The Death of the Stack

Friday, February 15, 2008

The Death of The Stack

The Death of The Stack is the gateway to asynchronous computing and high concurrency applications, and thus will ultimately enable higher complexity in software.

Currently all major programming languages are stack based: C/C++, Java, .Net, Smalltalk, Perl, PHP, Python etc. The importance of the stack concept influenced the development of the underlying CPUs which generally have special segment registers and corresponding op codes to facilitate stack manipulation.

The use of a stack in a procedural language like C makes sense in terms of the basic metaphor - call a function and, on returning, continue where you left off. However, it begins to show its age in any OO language and doubly so in the development of multithreaded applications or distributed applications.

In OO languages an object cleanly encapsulates its own data and functionality, yet the actual execution is still delegated to the underlying machine, be that a physical CPU or a virtual machine. Thus the metaphor in OO does not extend to the encapsulation of execution.

Viewed differently, the stack is inherently bound to the current thread of control, yet the thread of control can cross over from one object to the next as new functions are called. This breaks the illusion that objects are autonomous entities. Instead there is always the need for creating an object and then, independently, a thread of execution.

This makes it cumbersome to implement asynchronous execution. Synchronous calls are obviously modeled well by a stack, where the return is handled by popping off the current frame. Yet, an asynchronous call requires explicitly using an API to create a new thread and either initialise the thread with a closure (runnable, delegates, anonymous object etc.), or trigger a method via a message queue (or trivial blocking latch). To get information out of a thread we need to explicitly create listeners or additional message queues.

Thus, while languages facilitate thread synchronisation (e.g. Java monitors and the synchronized keyword).
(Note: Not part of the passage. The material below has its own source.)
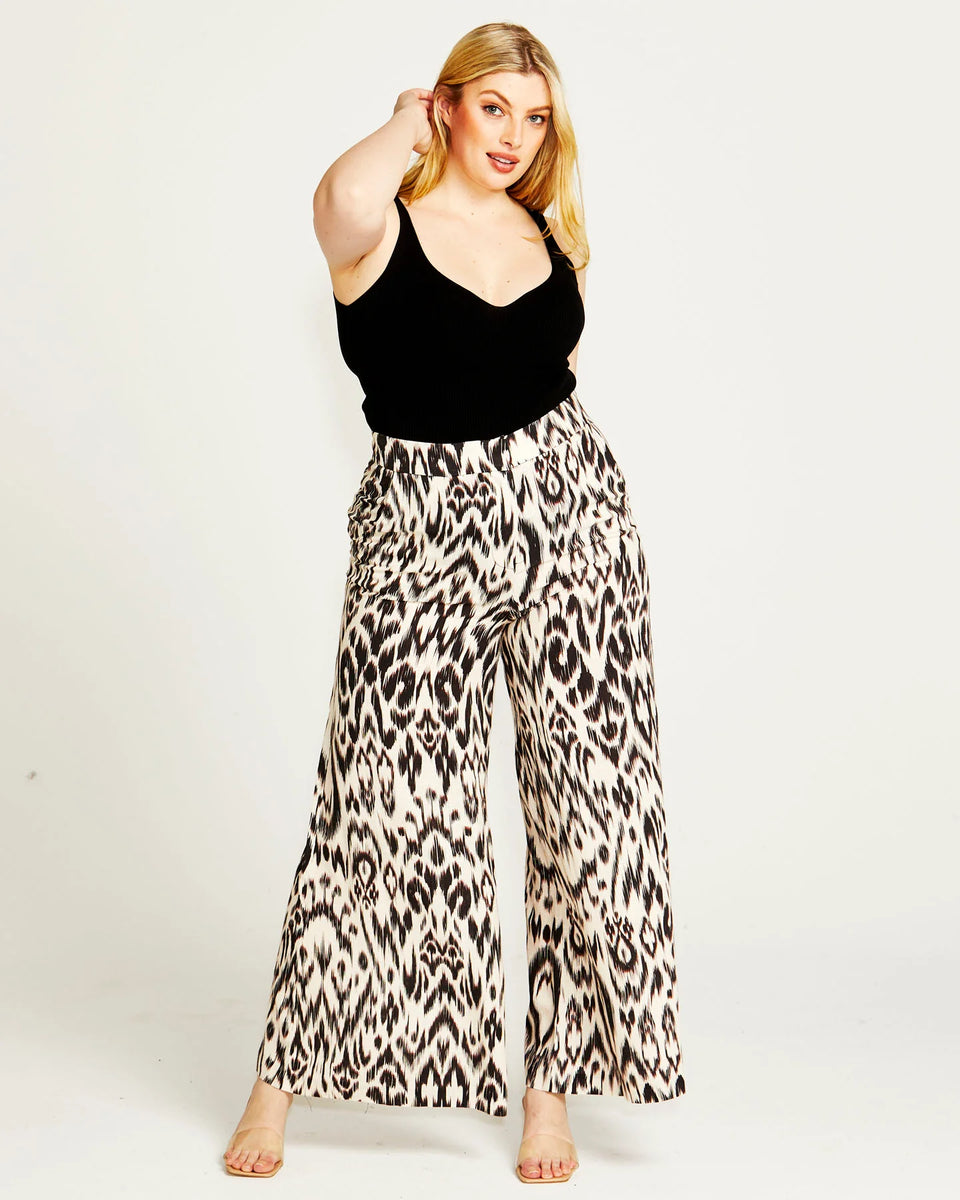 Fate + Becker Paradise Wide Leg Pant 15830PWFA - Abstract Animal ...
None of the mainstream languages actually encapsulate a suitable model for asynchronous calls.

To escape this short fall we need to build languages that are stackless. Stated out of context this seems like a bit of a jump in the line of reasoning. But lets ask the question: what does this mean and why will it support the changes needed?
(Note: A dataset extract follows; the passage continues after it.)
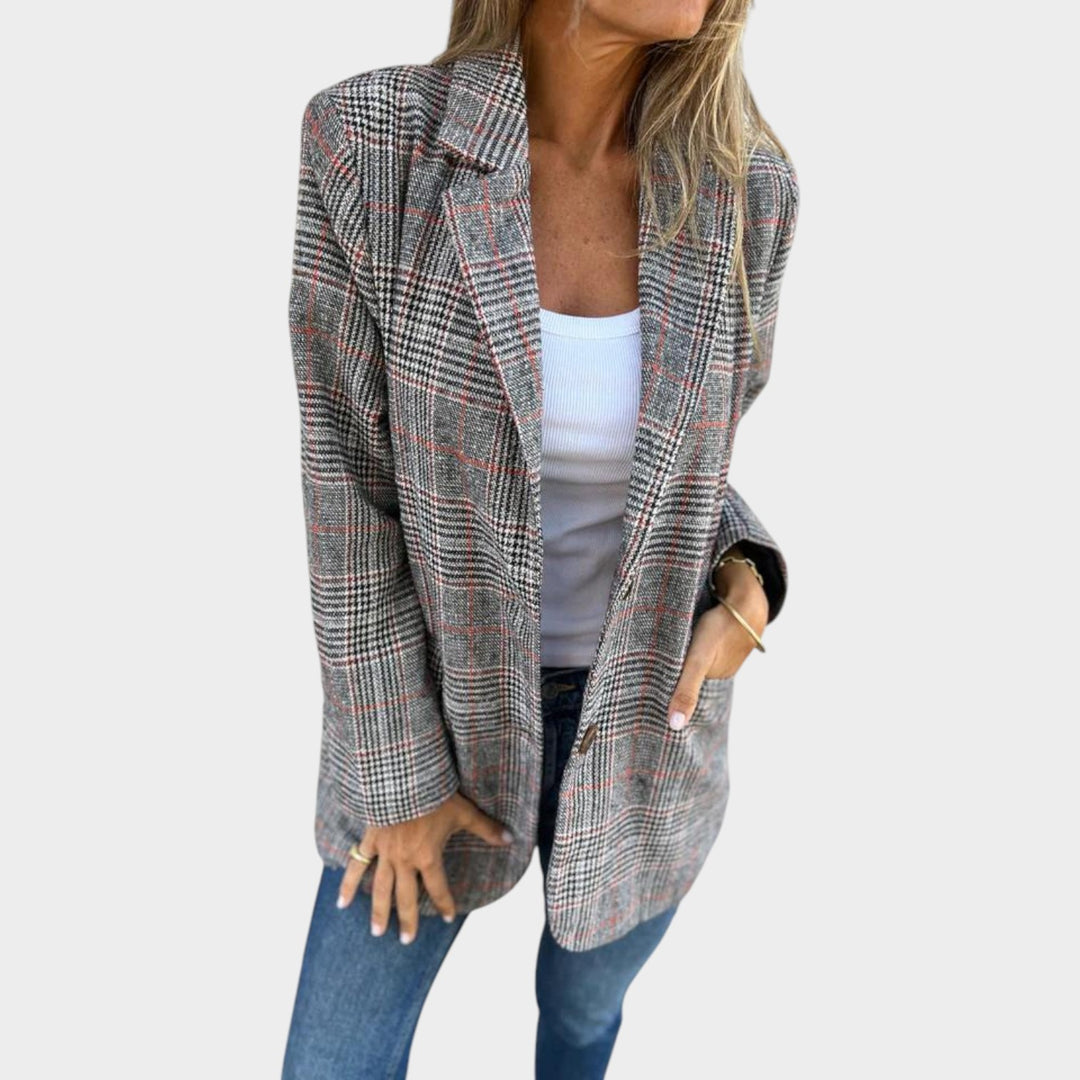Women’s Blazer Casual Plaid Longline Lapel Collar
Languages like Self talk of activation records. Thus, when a method is invoked, an activation record is created. This is essentially an instance of a small object that holds the local variables and method arguments together information about execution of method instructions. Using this paradigm, the record could actual be allocated on the heap along with all other short lived object instances and recycled via garbage collection.

If these activation records are chained together in a linked list, and the activity in the current one is suspended when a new activation record is created, then clearly we are modeling the same synchronous call path that the stack models when the equivalent information is stored in a stack frame.

However, if the underlying (virtual) machine serviced all activation records simultaneously as they where created, then every activity would execute concurrently - on current CPUs and operating systems this could be implemented by having a number of underlying service threads that carry out the work.

Unfortunately, this is clearly an over simplification. For one, a given object could be carrying out two different actions simultaneously (since the calling object could simply invoke the object twice in succession). This would generally lead to undesirable behaviour unless the object performed explicit internal locking for synchronising manipulation of internal state. Instead, I would suggest that a more sensible default is that any given object can only perform exactly one task at a time. If the object wishes to act as if it was performing multiple concurrent operations internally, it could simply delegate tasks to a number of inner objects.

Furthermore, there is still a need for “returning” data. However, this could be achieved by utilising a callback mechanism - which would now be safe since there would be no growing stack in the case of mutual recursion (A calls B and B calls A).

Finally, there is still the need for serialising certain tasks into a clear sequence. However, this could be easily achieved by using a simple state machine to manage instructions. That is, the language construct implicitly creates lightweight objects that act as state machines that, upon receiving a completion callback from one instruction, would trigger the invocation of the next instruction. Instructions would generally be akin the the Smalltalk metaphor of message passing.

Thus, in the end, by removing stacks we open up the path towards true asynchronous, high concurrency languages that will be able to take advantage of increasing number of underlying cores being made available in modern CPUs.